Improving General Role-Playing Agents via Psychology-Grounded Reasoning and Role-Aware Policy Optimization
Summary
General-purpose role-playing agents often struggle with faithful character portrayal and out-of-distribution generalization due to reliance on superficial behavioral mimicry. To address this, researchers propose Psy-CoT, a psychology-grounded chain-of-thought framework that decomposes pre-response reasoning into three role-specific steps: Interaction Perception, Psychological Empathy, and Logical Construction. This framework enables dynamic thinking from a character profile rather than mere pattern matching. Additionally, they introduce Role-Aware Policy Optimization (RAPO) to counter reward model "hacking" by generic phrases in reinforcement learning. RAPO uses profile-token mutual information to asymmetrically weight gradients, amplifying role-specific tokens under positive advantage and attenuating them under negative. Experiments on CoSER, CharacterBench, and CharacterEval demonstrate Psy-CoT outperforms existing role-playing CoT methods, and RAPO consistently surpasses GRPO across multiple model scales.
Key takeaway
For Machine Learning Engineers developing role-playing agents struggling with character fidelity or out-of-distribution generalization, you should consider integrating psychology-grounded reasoning and specialized reinforcement learning optimization. Explore Psy-CoT's three-step reasoning framework and RAPO's gradient weighting mechanism to enhance your agents' performance and prevent reward model exploitation by generic responses.

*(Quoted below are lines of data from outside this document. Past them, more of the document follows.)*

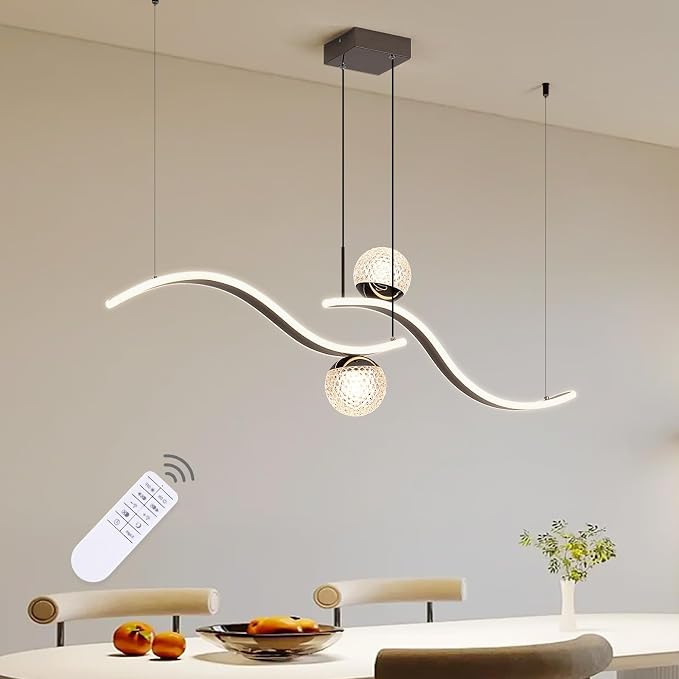 ORANOOR Modern LED Globe Pendant Light, 39inch Dimmable Hanging Chandeliers | 2-Wave Black LED Chandelier Kitchen Pendant Lighting Over Island Dining Room Light Fixtures Ceiling Hanging Over Table,2-Bulb by ORANOOR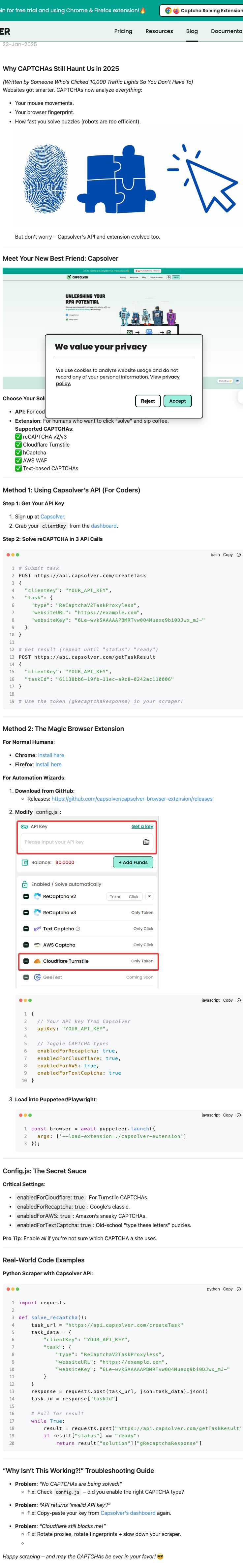 CapSolver CAPTCHA bypass solution interface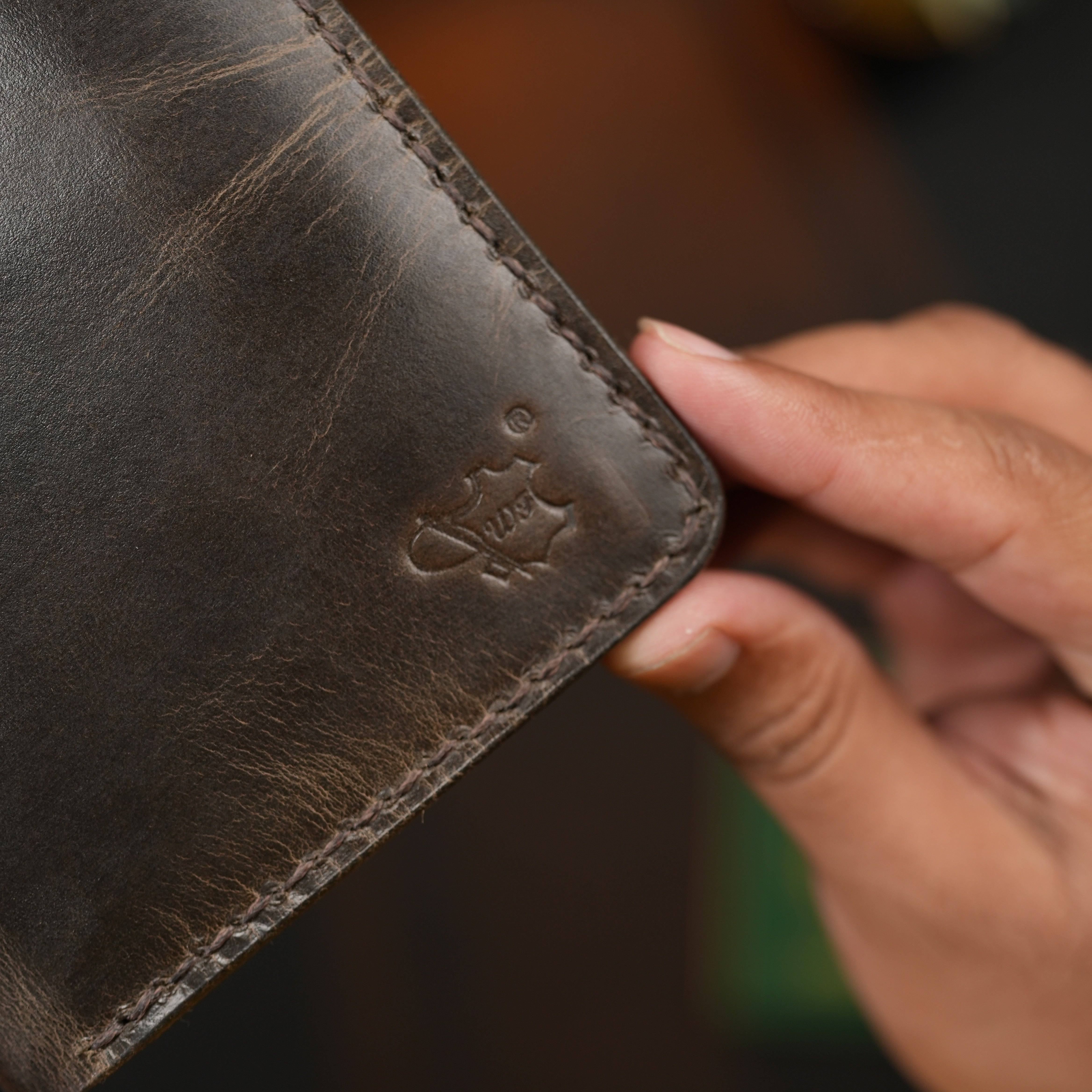 Passport Wallet Handmade Full Grain Chrome Tan Pull-Up Leather Brown Color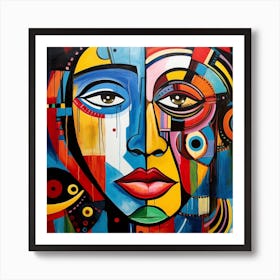 Abstract Of A Woman'S Face 2 Art Print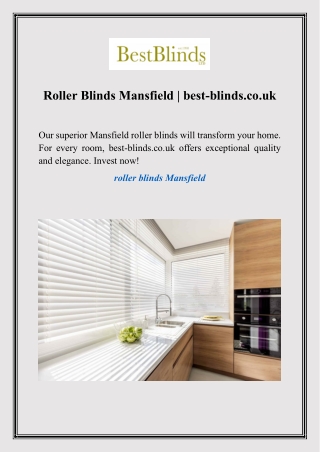 Roller Blinds Mansfield  best-blinds.co.uk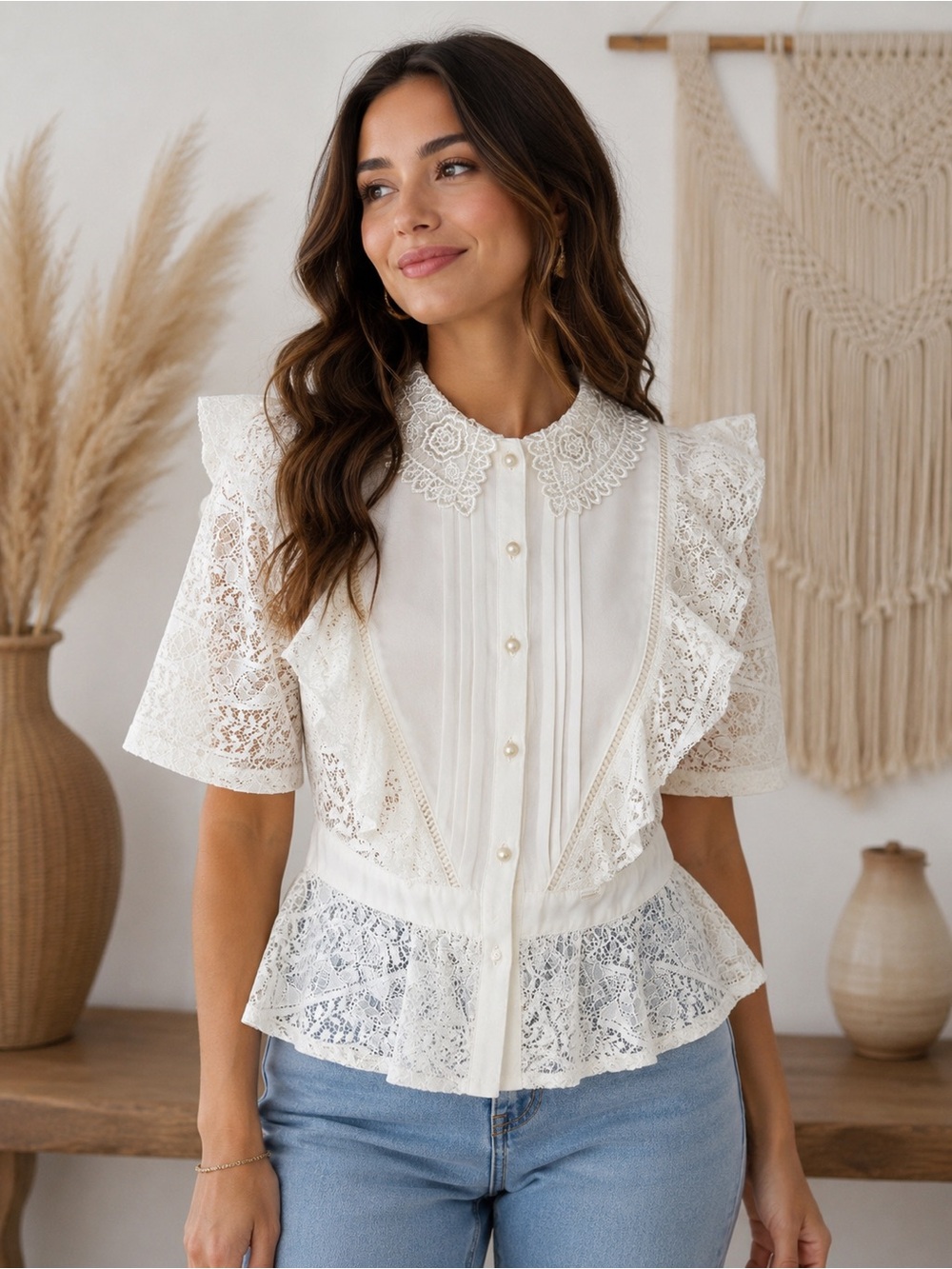 Explosiva White Lace‎ Peplum Blouse Peter Pan Collar Romantic est. size Small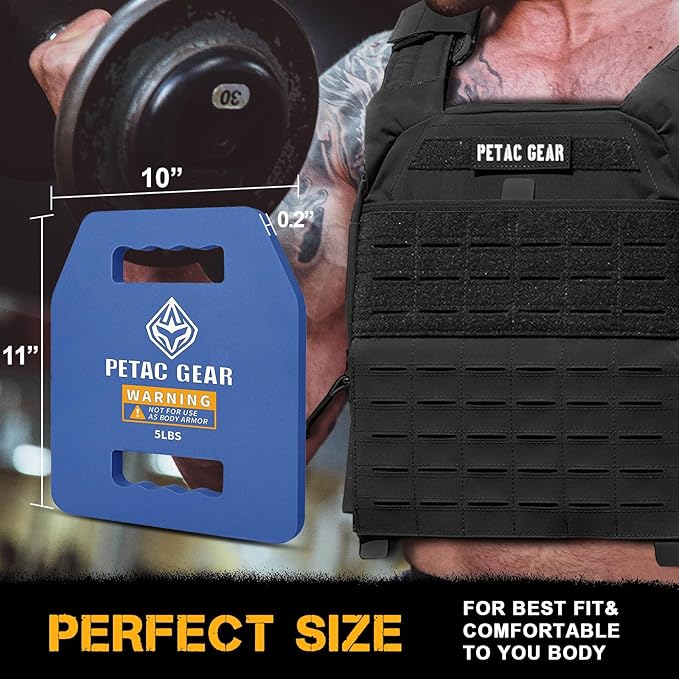 PETAC GEAR Tactical Weights Plates For Weighted Vest For Men Workout,5/10/15/20 LBS Weight Strength Training Vests Equipment Workout Gear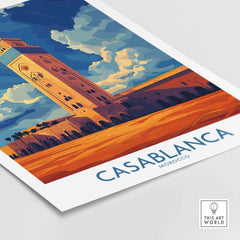 Casablanca Poster Morocco featuring a vibrant illustration of the cityscape in rich colors.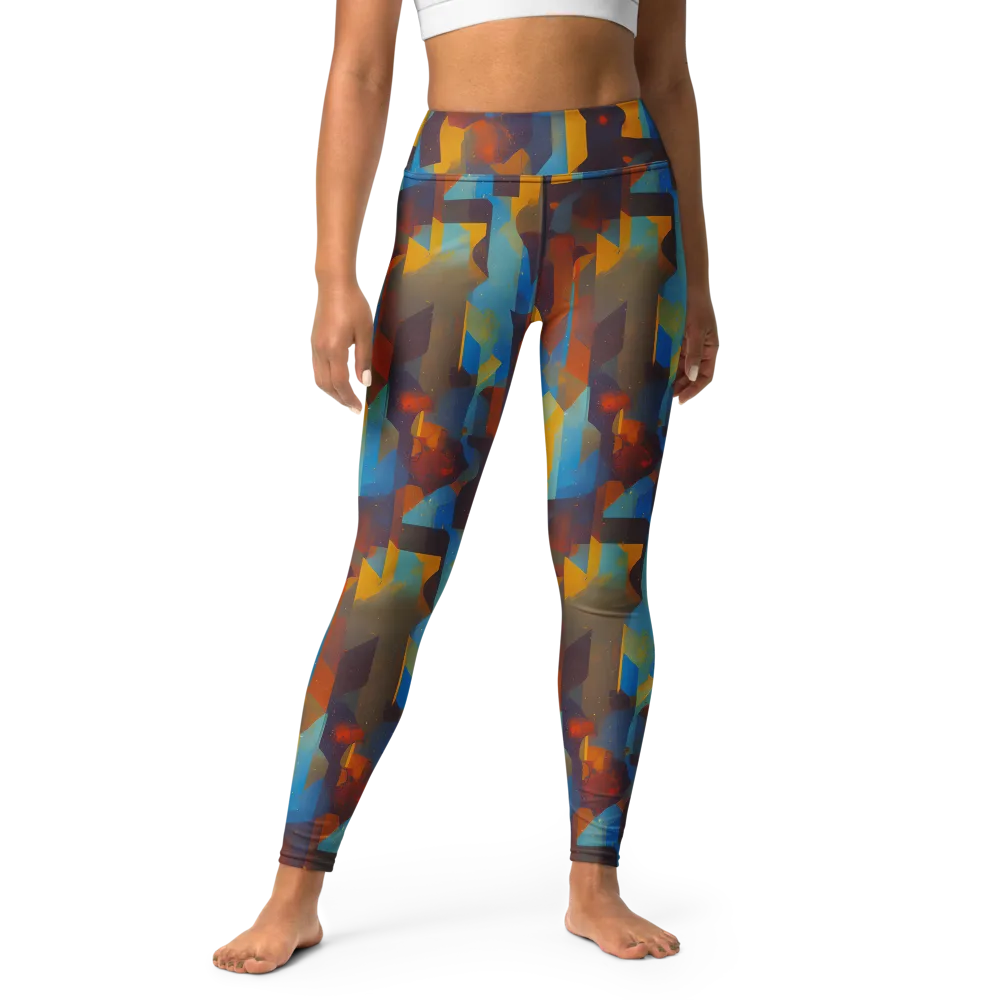 Cubist Dusk on Yoga Leggings — Front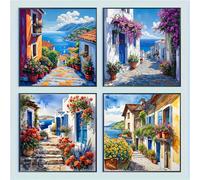 TEMU Set de 4 Hermosos Kits de Pintura de Diamantes con Temática de - 20X20Cm Diamantes Acrílicos Redondos de Perforación Completa, Diseño de Paisaje - Manualidades, para Colgantes de Pared y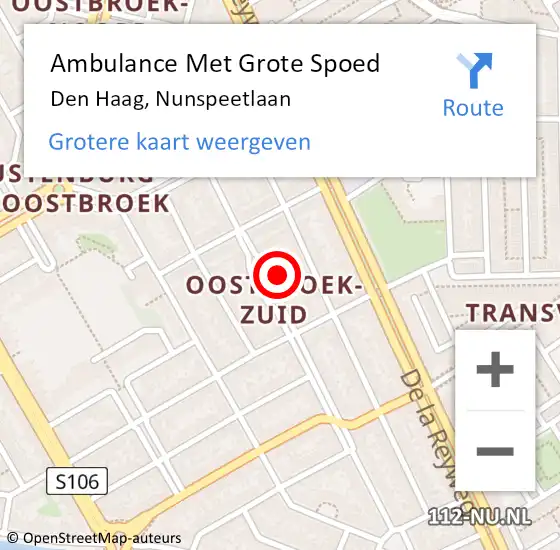 Locatie op kaart van de 112 melding: Ambulance Met Grote Spoed Naar Den Haag, Nunspeetlaan op 8 april 2024 20:50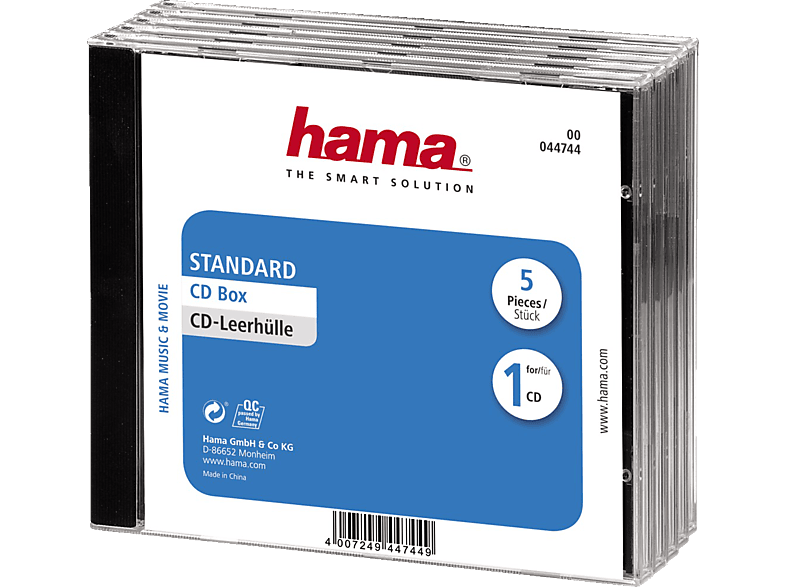 HAMA Standard CD-Leerhülle Schwarz/Transparent von HAMA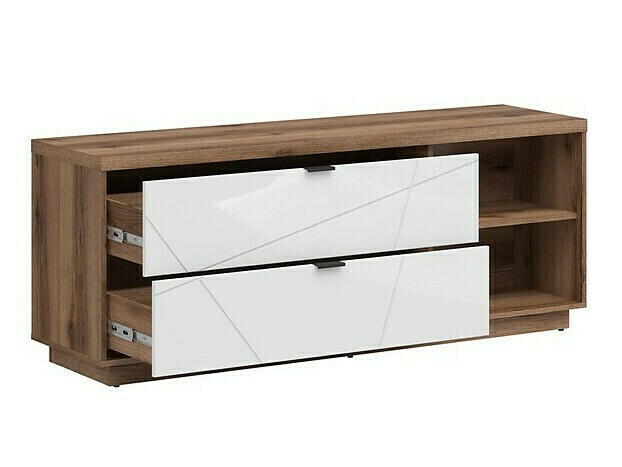 Woonkamerset Fivale 110 (Donker delano-eik + Glanzend wit)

This approach can lead to more robust and believable character portrayals.
Key insights
Combining psychology-grounded reasoning with role-aware policy optimization significantly enhances general role-playing agent fidelity.
Principles
- Deep internal thought processes improve agent out-of-distribution generalization.
- Reinforcement learning is essential for aligning models with character fidelity.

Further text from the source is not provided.